Rolling out code to a production server with 'as little testing as possible' to get it live quicker is setting yourself up for a life of pain. What you're suggesting really is to get your users to test your system for you, that would be a beta program, but even before you get there you should have performed a good level of testing and be confident that the app works, otherwise you're not going to keep many users for long.

From a developer perspective I would only be happy releasing code that I am confident is working as planned. From a user perspective I wouldn't want to be using an app that kept falling over, no matter how early in the development cycle it is.

If it's not ready, then don't release it.

Ira Rainey

I think it depends on your userbase somewhat. For example, I choose to use cutting edge and less stable features on my linux box. But I think in general, and especially in web development where generating pageviews is usually a high priority, you want to go with what works for most people, and that's stability.

+2  A: 
  • You should test and review the code during development, before the feature is even finished.
  • You should test the whole feature for functionality before moving to production.
  • You should release a small number of features often, so that you get feedback on the feature. Even if the feature works perfectly, it may still not be exactly what the user wants, or you find that something can be improved when the feature is used in practice.
+5  A: 

Perhaps a middle ground may be more appropriate. Your "brand" will suffer a great deal if either:

  • the software you release is a steaming pile of dung (as in your former cases); or
  • the software is not released in a timely fashion (as in your latter case).

In both those cases, you won't be very likely to stay in business for long.

The shop I operate in recognises the fact that software will have some bugs in it. All high severity bugs must be fixed before release and all low severity bugs must have a plan in place for fixing after release.

Software maintenance (basically bug fixing and answering customer questions) is an important part of our development process.

In addition, the "cost" of fixing a bug becomes more as the discovery of said bug moves away from the developer and towards the customer.

Fixing a bug I find during unit testing involves only me though it can affect others if my stuff is delayed.

Finding a bug during system test means other phases are definitely delayed since the code has to come back and be changed and unit tested again before once again being promoted to system test.
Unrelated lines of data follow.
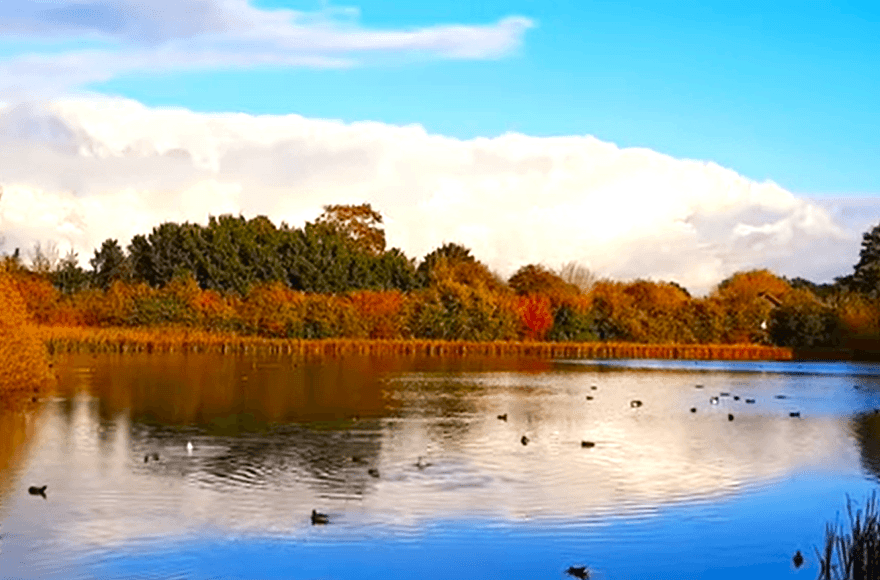 Autumn season in peterborough at Nene Park, Ferry Meadows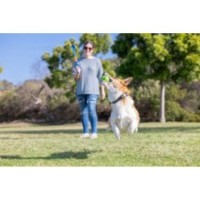 Pack de 4 balles Chuckit! au bacon et beurre de cacahuète pour chien - Taille M
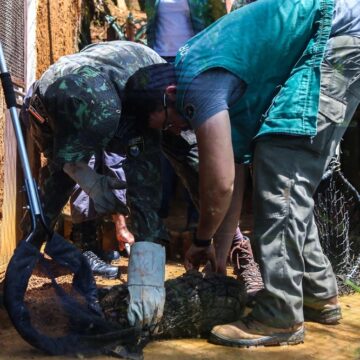 Jiboia, sariguê e jararaca: mais de 5,5 mil animais silvestres são resgatados em Salvador em menos de dois anos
Finding a bug after your software is live is a whole other world of pain, involving communications with customers, multiple managerial reporting lines all wanting to leave an impression of their boot in your rear end and putting any bug fix through all phases, or risking adverse effects otherwise - a particularly nasty place in the ninth circle of hell is reserved for those developers who, in fixing their bug, introduce yet another one.
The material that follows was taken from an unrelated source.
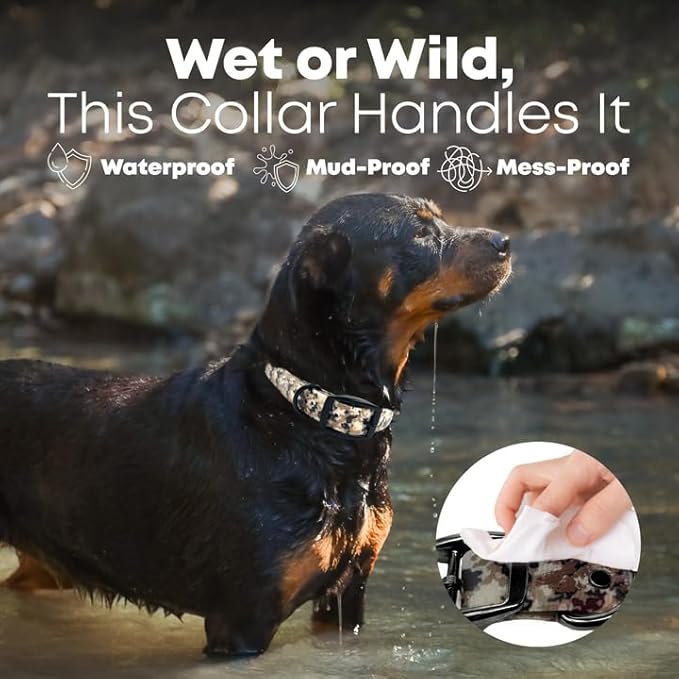 Regal Dog Products Small Camo Hunting Dog Collar with Custom Engraved Name Plate and Heavy Duty Black Hardware Center Ring| Waterproof Personalized Puppy Collars | Other Sizes for Medium & Large Dogs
+1, esp. for "all low severity bugs must have a plan in place for fixing after release"; some people in (mis)Management tend to say "we shipped it, fsck the users and their low-priority bugs"

If you are performing a beta or alpha test with a handful of people, sure. However, if this is code that is meant to be used by the general public or your business, then no. Buggy code reflects poorly on the programmer, and I know that when something crashes or behaves unexpectedly it tends to annoy people.

Therefore, I would much rather release polished, thought out code that may not have as many bells and whistles than code that gives people a poor experience.

One footnote, however, is that you must know when enough is enough. Every programmer can spends eons going over every line of code, saying "Well, if I move this to here, I can get a .001% speed boost" or anything on the same line of thinking. Believe me, I have this problem as well, and tend to obsess. The skill to say something is "good enough" is a hard one to learn, but it is absolutely necessary, in my opinion.

Dan D.
+1  A: 

It depends on the pain levels, and expectations, of your customers and how well your customer facing staff can manage their, ahem, 'feedback'.

If your customers are expecting to go quickly to high volume mass production, on a very tight schedule with fierce competition, with what you're delivering them (think consumer electronics like mobile phones) then they won't thank you at all for any surprise. They'll be very scared of having to recall hundreds of thousands of units for an upgrade.

Perhaps you're delivering to someone who's also doing research, a university department or similar, who may bend your delivery to fit a purpose that it's not intended for. They don't mind, may even expect, problems and are happy to find a way through. They may well be excited by the features and forgive you the bugs as long as they find you're listening to their feedback.

The most skillful customer facing staff I worked with were able to judge how long it would take the customer to notice the deficiencies in the deliveries we were providing, how long it would take us engineers to plug the gaps, and realise that by the time the customers noticed the problem we'd have a patch. The customer gets an early delivery so the contract is secure, is not too inconvenienced by the bugs, is happy with the support, all in all a happy world. It's a tricky call though; If you don't release anything until it's perfect you'll never have a customer as someone will always undercut you yet release something too early and disappoint then you're going to be replaced when the opportunity arrises. Get your judgement of the patch development time wrong and your customer will be unhappy.

In short it's something about open communication, something about bluff, deceit and deception, and a whole lot about judgement to know which to do and when.

Toby Martin
+3  A: 

It rather depends on the desires of the management than on the desires of the customers. Given a choice of 'you can have it working, or you can have it Friday', the average target-and-goal loving manager will prefer to have it Friday.

If you actually have a choice, please leave it until it works. You'll save yourself and everyone else a deal of time and trouble.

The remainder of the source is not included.